March 29th, 2011 at 11:16 pm

If you have not already encountered this transactional dilemma, the chances are you will.

More and more lenders are requiring a Review Appraisal just prior to the close of escrow. In some cases, the Review Appraisal comes in under the original appraisal, and the lender subsequently pulls the funding. If all of the contingencies, including the Loan Contingency, have been removed the buyer forfeits his/her earnest money deposit (EMD).

There are two methods to protect the buyer in this scenario. First, and most obvious, check the box under Loan Contingency Removal (contained in RPA paragraph 3 H(3)(ii) ). This is clearly the best safeguard to protecting the EMD as the Loan Contingency remains in effect until the loan is funded.
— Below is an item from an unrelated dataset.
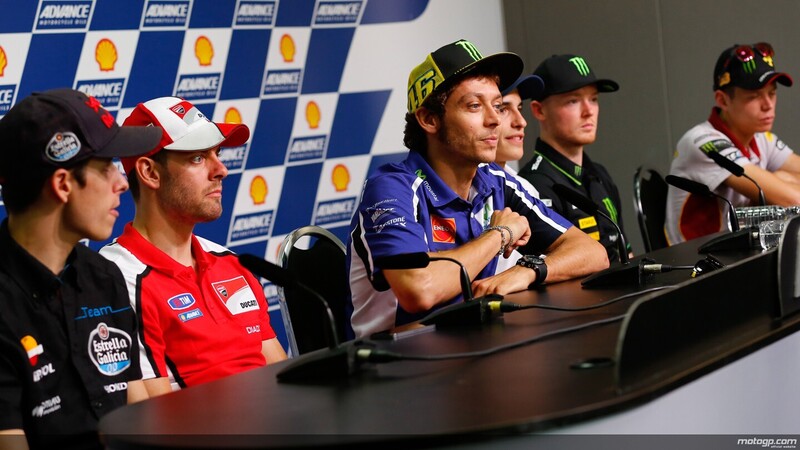 Rossi: "Nessun favoritismo da Yamaha"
HOWEVER if the seller counters this out (most often they do), by further incorporation and understanding of the mechanics of 3 I (Appraisal Contingencies), you may help to protect your buyer’s EMD.

Under RPA paragraph 3 I, the Agreement is contingent upon a written appraisal. HOWEVER, if you do not check the second box contained in APPRAISAL 3 I, buyer’s removal of the loan contingency is deemed removal of the appraisal contingency. Checking the second box in 3 I gives your buyer 17 days (or __) days after acceptance to remove the Appraisal Contingency. By placing an increased number of days in 3 I to allow time for a Review Appraisal you will help protect the buyer’s EMD.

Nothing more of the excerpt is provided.